Dalmodal procura novos mercados

A celebrar 13 anos de atividade, a empresa de têxteis-lar está a avançar na internacionalização, com a repetição da presença na Guimarães Home Fashion Week a garantir novos contactos nos mercados externos.

António Matos

Fundada em 2011, a empresa – que inicialmente funcionou sob a designação Carlan – tem vindo a diferenciar-se no mercado como «empresa transformadora», descreve o gerente António Matos. «Dedicámo-nos sempre à transformação de produto, de tecidos que nós idealizamos ou aos quais damos o nosso toque criativo nas tecelagens», explica. «Depois fazemos a parte da confeção, com aplicação de rendas, por exemplo. No fundo, damos o valor acrescentado», resume.

Almofadas, que constituem o core business, mas também caminhos de mesa e individuais fazem parte da oferta da Dalmodal, que recentemente começou a explorar o mercado internacional, após anos de atuação exclusiva no mercado interno. Esta mudança estratégica deve-se à crescente pressão sobre os preços, o que levou a empresa a procurar novas oportunidades fora de Portugal. «O mercado interno obriga-nos a reduzir preços constantemente, independentemente da qualidade do produto. Decidimos que era o momento certo para mostrar a nossa capacidade e criatividade além-fronteiras», sublinha António Matos.

A internacionalização tem sido feita através de feiras e contactos diretos com agentes. «Participámos pela segunda vez na Guimarães Home Fashion Week e este ano tivemos visitantes de várias nacionalidades, incluindo japoneses, finlandeses, neerlandeses, gregos, espanhóis, alemães e até um potencial cliente russo», enumera o gerente da Dalmodal.

Apesar da empresa estar agora a dar os primeiros passos ativos na exportação, 15% das suas vendas já são provenientes dos mercados internacionais. A ideia é continuar a explorar, sobretudo, os países mais próximos. «É o mais fácil em termos de transportes, de compreensão, de ideologia, daí o nosso foco estar a ser a Europa», aponta.

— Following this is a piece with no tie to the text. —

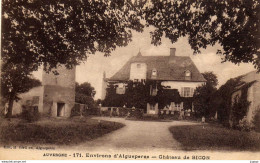 Delcampe - Environs D'Aigueperse  Château De BICON - Aigueperse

Reconhecendo que os tempos não têm sido fáceis, o gerente da Dalmodal revela que a empresa tem conseguido crescer, graças, em parte, à ampliação da oferta e à conquista de novos compradores. «No ano passado, conseguimos melhorar os nossos números devido à diversificação e à procura de novos clientes. No entanto, o mercado nacional continua a deteriorar-se», afirma o gerente da empresa.

Com uma equipa de apenas seis pessoas, a flexibilidade é uma das mais-valias da Dalmodal. «A nossa estrutura permite-nos mudar rapidamente de produto e adaptar-nos às necessidades dos clientes, mas a rentabilidade é sempre um desafio», assume António Matos.

Os objetivos futuros da empresa passam por um crescimento sustentável de 5% a 10% ao ano, mantendo-se fiel à sua missão de transformar produtos têxteis com criatividade e qualidade. «Não temos ambições de crescer exponencialmente. Queremos um crescimento sustentado que permita manter a nossa estrutura leve e ágil», conclui o gerente da Dalmodal.